[Provided material]

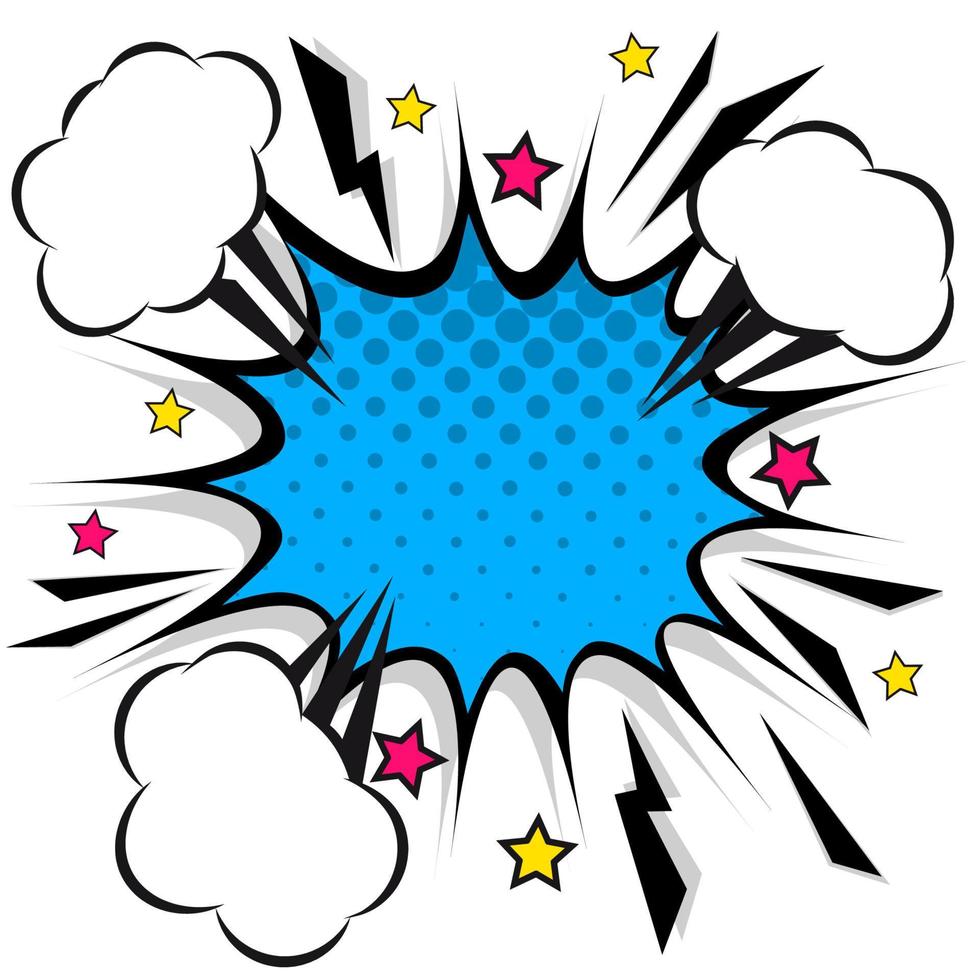 Sprechblasen im Retro-Comic-Design. Blitzexplosion mit Wolken, Blitzen, Sternen. Pop-Art-Vektorelemente. vektor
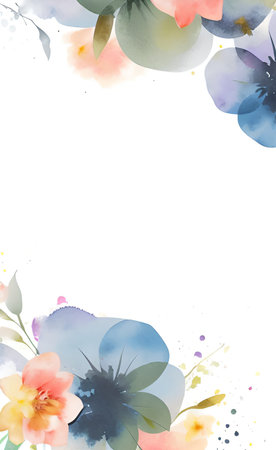 Greeting card with watercolor flowers. Pastel colors. Handmade.の素材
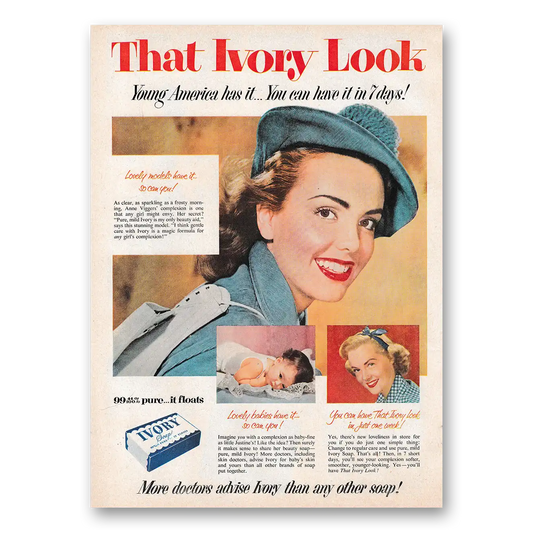 1953 Ivory Soap Young America Has It Vintage Magazine Print Ad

[/Provided material]

The lines to write out run from the one containing "Greeting card with" through the final line of the material above, both included; write them out exactly, with no pictures.

 Greeting card with watercolor flowers. Pastel colors. Handmade.の素材
 1953 Ivory Soap Young America Has It Vintage Magazine Print Ad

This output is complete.